Mestoph walked up and down the rows and inspected the necks of each, made easy by the fact they were all leaning forward, and found that the tattoos of each one had been cut and peeled from their necks. Mestoph checked the large fireplace that had been carved out of the far wall and saw curled, smoldering flaps of burned leather—or more accurately, skin. The smell of burning flesh was coming from the fireplace, confirming his theory. He doubted they had poisoned themselves and carved their own tattoos off, which meant that there was at least one more body to be found. Mestoph checked the kitchen beyond the mess hall and the larder beyond that but found nothing of interest but some dried meat he hoped was beef jerky. He finally made his way back outside the mess hall and stood at the second door munching on a piece. He wasn’t sure why, but he was compelled to knock on the door. It swung open on well-oiled hinges to reveal a well-appointed study with a large, ornate desk at the back. Sitting at it and facing Mestoph was an ancient, ink-black man with long, almost pure white hair—a full-blooded Demon.
“Come on in,” said a soft, shaky voice in the old Demonic tongue of a time before he was born. It was the language the Angels had made up to secretly plan their mischief before The Fall.
Mestoph stepped in, looking to his sides for waiting attackers, but there were none. After a few steps he felt the cushion of thick carpet below him and looked down to see a large, rectangular rug depicting The Fall. On the left and right sides it showed Angels on high cliffs cutting off their own or each other’s wings. Some of those wingless Angels were diving off the cliffs with swords pointing to the ground below like sword-tipped kamikazes. At the top was a series of spiraling clouds with a single, much larger Demon falling backward, reaching up to a single hand that poked out from the clouds. Around that hand flew small seraphim that were fighting among each other. On the ground were winged and wingless Angels fighting each other with intense brutality. They were impaling each other, lopping off heads and limbs, and disemboweling one another.

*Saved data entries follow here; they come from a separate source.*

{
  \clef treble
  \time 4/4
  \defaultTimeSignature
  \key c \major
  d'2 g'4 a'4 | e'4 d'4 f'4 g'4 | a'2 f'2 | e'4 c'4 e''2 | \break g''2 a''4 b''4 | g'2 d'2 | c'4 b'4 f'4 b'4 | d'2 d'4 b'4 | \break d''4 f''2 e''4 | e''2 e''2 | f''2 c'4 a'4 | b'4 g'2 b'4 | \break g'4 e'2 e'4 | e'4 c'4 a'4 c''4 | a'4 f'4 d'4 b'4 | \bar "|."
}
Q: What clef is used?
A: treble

“I’m one of those wingless ones fighting on the ground,” said the old Demon.
Mestoph had been lost in the detail and looked up, slightly startled. The old Demon brushed long strands of wispy white hair behind his shoulders to reveal the broken remnants of keratinous horns. Demons didn’t really have horns. What they actually had were dimmed and broken halos, and only the really old ones had those. Until now, his father was the only Demon he had personally met that had horns.

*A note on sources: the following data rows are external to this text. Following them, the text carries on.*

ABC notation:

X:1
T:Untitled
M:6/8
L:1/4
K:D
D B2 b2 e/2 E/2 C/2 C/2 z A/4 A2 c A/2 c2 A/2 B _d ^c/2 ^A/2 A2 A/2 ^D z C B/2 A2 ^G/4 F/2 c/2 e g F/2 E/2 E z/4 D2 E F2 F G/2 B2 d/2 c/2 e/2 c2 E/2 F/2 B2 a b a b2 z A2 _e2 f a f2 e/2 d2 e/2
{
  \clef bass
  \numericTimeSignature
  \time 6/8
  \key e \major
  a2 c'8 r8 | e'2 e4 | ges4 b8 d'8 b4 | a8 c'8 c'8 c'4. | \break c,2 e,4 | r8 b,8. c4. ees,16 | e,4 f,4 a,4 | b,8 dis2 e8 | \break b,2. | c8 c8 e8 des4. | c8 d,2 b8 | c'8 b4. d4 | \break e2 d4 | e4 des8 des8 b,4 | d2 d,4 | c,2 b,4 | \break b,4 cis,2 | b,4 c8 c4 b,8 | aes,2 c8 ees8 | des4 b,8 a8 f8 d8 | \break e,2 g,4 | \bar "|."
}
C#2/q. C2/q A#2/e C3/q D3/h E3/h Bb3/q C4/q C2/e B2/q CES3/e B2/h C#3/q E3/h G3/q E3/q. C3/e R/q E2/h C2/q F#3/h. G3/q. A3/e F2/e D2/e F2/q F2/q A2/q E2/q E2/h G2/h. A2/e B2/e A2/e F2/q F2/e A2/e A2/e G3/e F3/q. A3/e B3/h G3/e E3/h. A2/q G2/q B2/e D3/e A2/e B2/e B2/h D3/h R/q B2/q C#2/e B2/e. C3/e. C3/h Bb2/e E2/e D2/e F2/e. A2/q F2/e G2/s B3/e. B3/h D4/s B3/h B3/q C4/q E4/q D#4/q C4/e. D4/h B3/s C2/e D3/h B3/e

“Which one?” asked Mestoph.
“Tuluzel. Bright One. Obviously that was before The Fall. Now I’m just a dim remnant of what was once considered perfection,” said the old man, letting his hair fall back in place.

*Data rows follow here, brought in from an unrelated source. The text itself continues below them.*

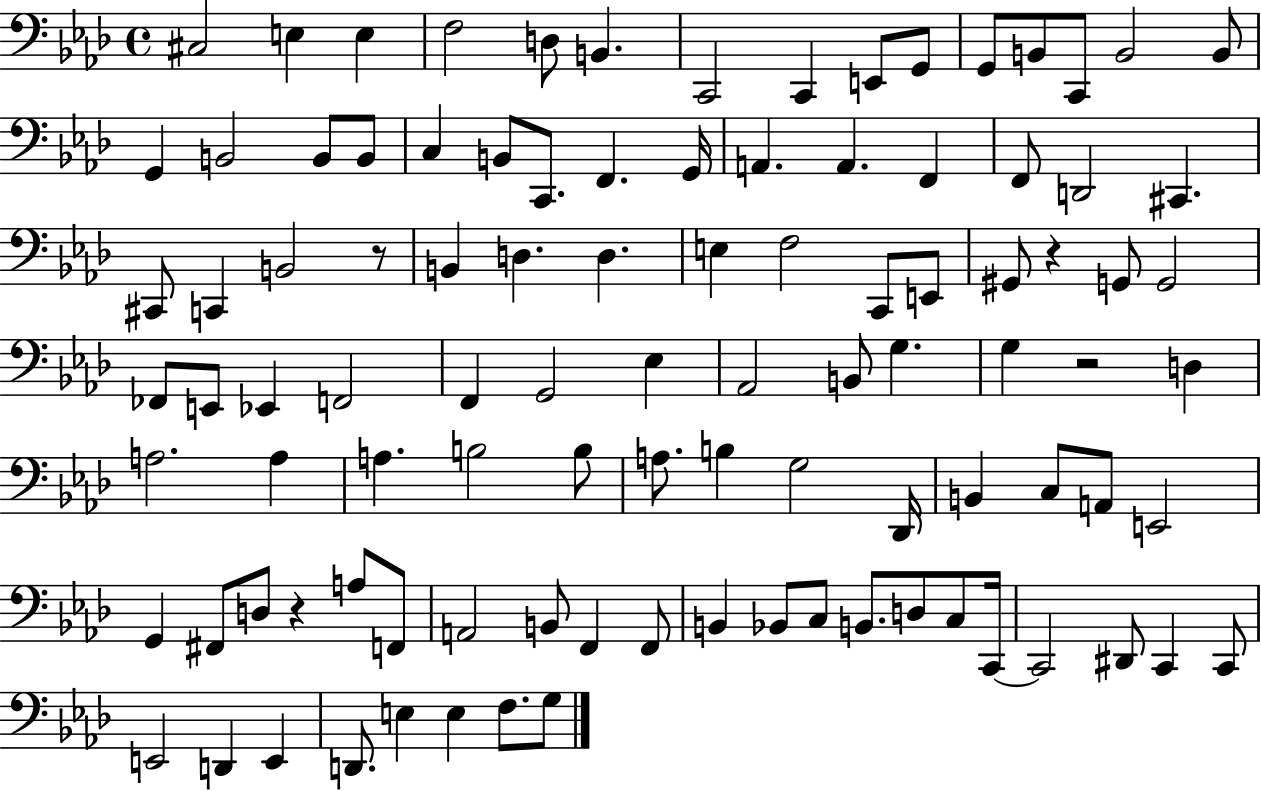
{
  \clef bass
  \time 4/4
  \defaultTimeSignature
  \key aes \major
  cis2 e4 e4 | f2 d8 b,4. | c,2 c,4 e,8 g,8 | g,8 b,8 c,8 b,2 b,8 | \break g,4 b,2 b,8 b,8 | c4 b,8 c,8. f,4. g,16 | a,4. a,4. f,4 | f,8 d,2 cis,4. | \break cis,8 c,4 b,2 r8 | b,4 d4. d4. | e4 f2 c,8 e,8 | gis,8 r4 g,8 g,2 | \break fes,8 e,8 ees,4 f,2 | f,4 g,2 ees4 | aes,2 b,8 g4. | g4 r2 d4 | \break a2. a4 | a4. b2 b8 | a8. b4 g2 des,16 | b,4 c8 a,8 e,2 | \break g,4 fis,8 d8 r4 a8 f,8 | a,2 b,8 f,4 f,8 | b,4 bes,8 c8 b,8. d8 c8 c,16~~ | c,2 dis,8 c,4 c,8 | \break e,2 d,4 e,4 | d,8. e4 e4 f8. g8 | \bar "|."
}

“I don’t understand. What is all this?” said Mestoph.
“Too much to explain. But I do have a message for your master,” said Tuluzel.
“You can tell him yourself,” said Mestoph as he began to cross the distance between him and the desk. He stopped abruptly when Tuluzel swept aside a massive hourglass and picked up an old Colt Baby Paterson revolver lying on the desk, unnoticed because of the clutter of old scrolls, leather-bound books, and random artifacts on it.
“I don’t think so,” said Tuluzel.
Mestoph paused for a second and then pulled his pistol from inside his coat. Mestoph was quick, but the ancient Demon was quicker. Tuluzel shot off a round into the shoulder of Mestoph’s gun arm, causing him to drop his pistol. The Demon then burst forth, splitting the heavy wooden desk in two. Wood, paper, and priceless artifacts went in all directions as Tuluzel slid forward in a blur. The Colt revolver was at Mestoph’s temple before his own pistol even hit the ground.
Mestoph sighed.
“Well, let’s get this over with,” he said.
Tuluzel laughed hoarsely, revealing long canine teeth and spitting in Mestoph’s face. Mestoph squeezed his eyes shut, waiting for the bang.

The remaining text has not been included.